Paris’ puces, or flea markets, are some of the largest (covering seventeen acres) and busiest (more than 50,000 visitors per weekend) in the world. You can go it alone and risk getting lost or swindled. Or you can hire ex–New Yorker Rachel Kaplan, a self-proclaimed shopping expert, to help you nab hard-to-locate treasures. Kaplan has lived in Paris for a decade and written two Insider’s Guides to her adopted city. She leads private tours ($500 for one to six people) to the various markets and will help you haggle to get the best prices, as well as arrange for shipping back to the States. Schedule your tour on a Monday or a Friday morning to find the best bargains.

5. An Oddball Day

La Vallée VillagePhoto: Courtesy of La Vallée Village

If you’ve still got money left over, take the high-speed TGV train to La Vallée Village, the Parisian version of Woodbury Common. Located a short 35-minute ride from Gare Saint Lazare in downtown Paris, this outdoor outlet center sells apparel from designers like Cacharel, Agnès B, Celine, Wolford, Longchamp, and Charles Jourdan for a minimum of 33 percent off retail prices. The shopping center is set up like a quaint village with hanging lanterns and flower-filled streets, so you can pretend you’re in a charming town in Provence, too. (The Starbucks might break that spell, though.)

6. Related Links

Rebecca Magniant harnesses her love for both Paris and shopping in her blog Chic Shopping in Paris, which focuses on tips, trends, and fashion news.
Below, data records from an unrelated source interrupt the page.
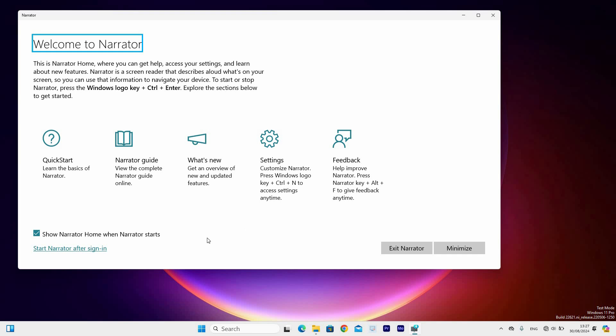At the bottom right are buttons to exit the Narrator and minimize. Click to select the exit button to close the Narrator, hence disabling it.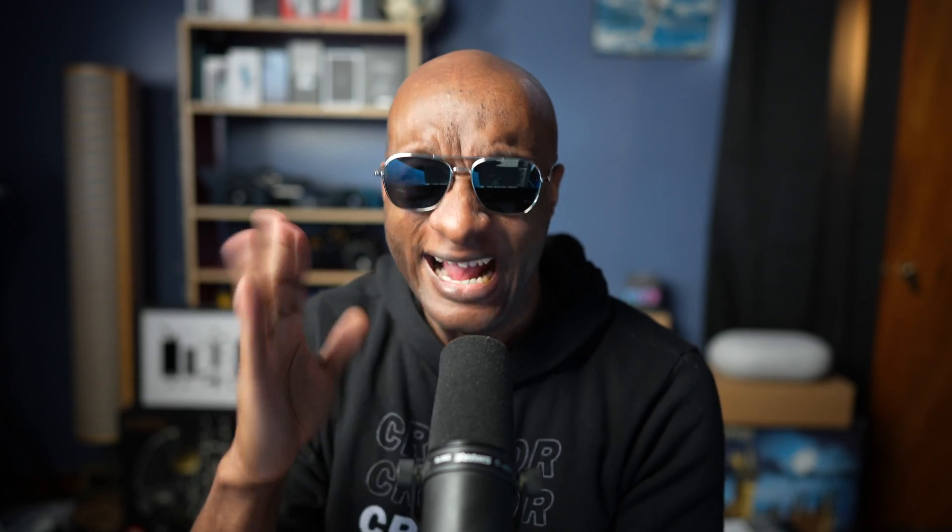Today we're going to show you how to create your own Memoji. Let me start the screen recorder so we can go to work. Screen recorder activated.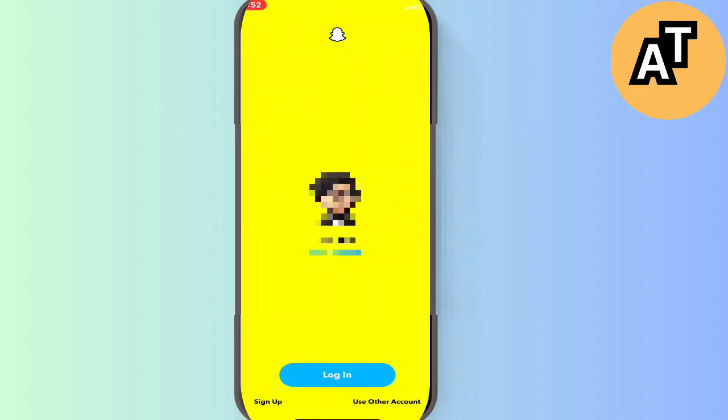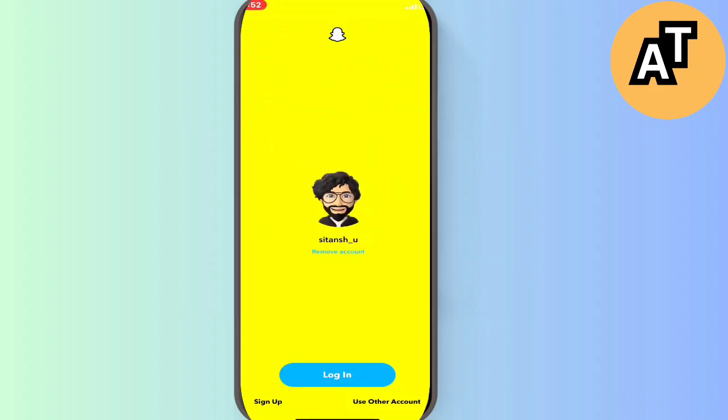You can also click on the 'use other account' option to add one or more accounts to your phone like this. So this is the video. Thank you so much for watching it.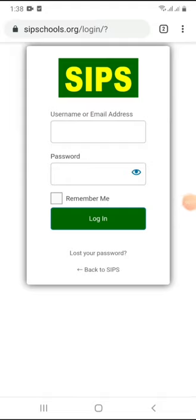Good day, parents, pupils, and students. This is Pastor Fermi, SIPS Director. Today I'll be doing a walkthrough video for the SIPS computer-based examination portal. It is on this portal that we are going to learn and write exams online. So I'm going straight into it.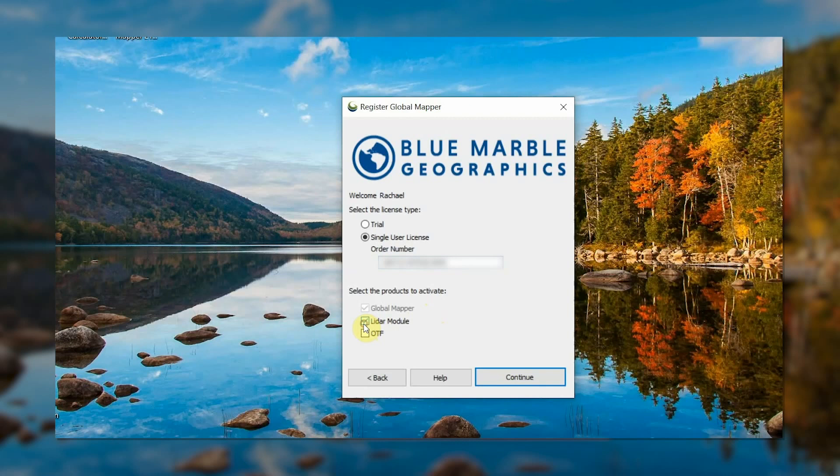This dialog box also allows users who purchase Global Mapper and the optional LiDAR module in the same order to activate both at once.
La Coquette is a hilarious blog written by a young French-American, offering insights and tips on how not to get a table at Hotel Costes and what not to wear to not look like a tourist.

The Internet database Paris Notes posts top-twenty lists for restaurants, hotels, shops, and museums.

France Today is entering its 25th year covering culture and travel for residents and visitors. Its classified section offers listings for long- and short-term apartment rentals.